At a time when most blue states are bending over backwards to pervert the notion of criminal justice by eliminating cash bail and threatening to empty out the prisons, one state — Michigan — has gone to the opposite extreme. Judges there have sent children to juvenile hall from noncriminal offenses, such as failing to attend online class, staying out after curfew, or repeatedly disobeying their parents.
According to Pro Publica, Michigan is burdened by an archaic and draconian juvenile justice system exemplified by the case of a 15-year-old from suburban Detroit known only as “Grace.”
Grace was sent to detention for violating her probation on earlier charges of theft and assault by failing to do her online schoolwork. Her situation was unusual. She was incarcerated for breaking a single rule of her probation during a pandemic, even as her school district said it wouldn’t penalize students and the governor had ordered that residential placement be restricted to children who posed a safety risk. Less than three weeks after ProPublica published the first story about her case, the Michigan Court of Appeals ordered her immediate release.
A contributing factor to the state’s excessive punishment for minors is its inadequate system of record keeping.
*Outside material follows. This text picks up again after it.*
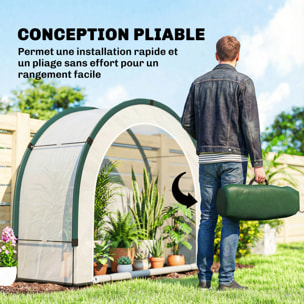 Serre de jardin pliable porte zippée plastique PE vert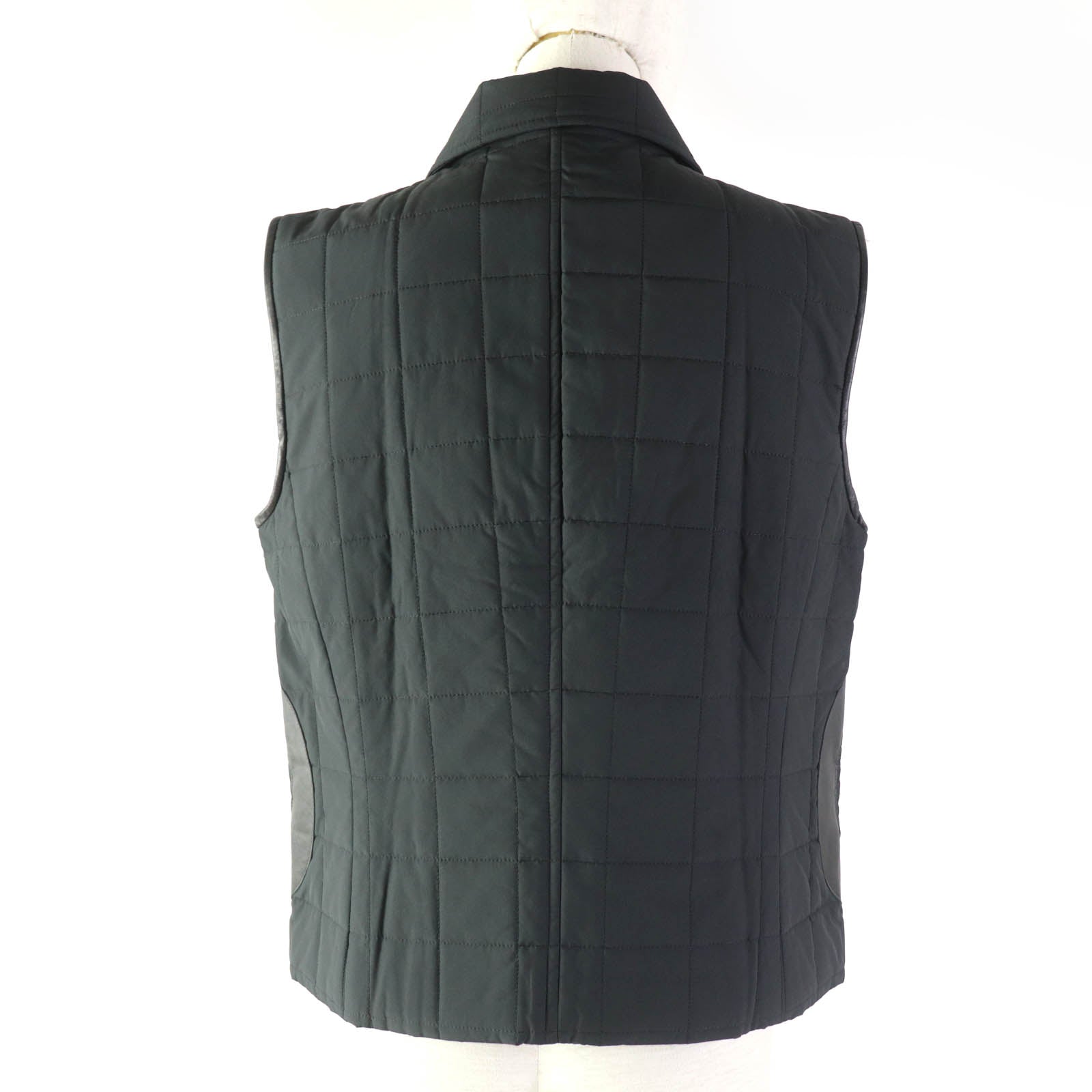 Salvatore Ferragamo Gancini Leather Quilted Zip Up Vest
Michigan keeps such poor data that the state can’t even say how many juveniles it has in custody at any given time or what crimes they committed. … [A] ProPublica analysis of the federal government’s most recent estimate, which used data collected on a single day in 2017, shows that about 30% of the youth confined to detention and residential facilities in Michigan were there for noncriminal offenses, compared with 17% for the country overall.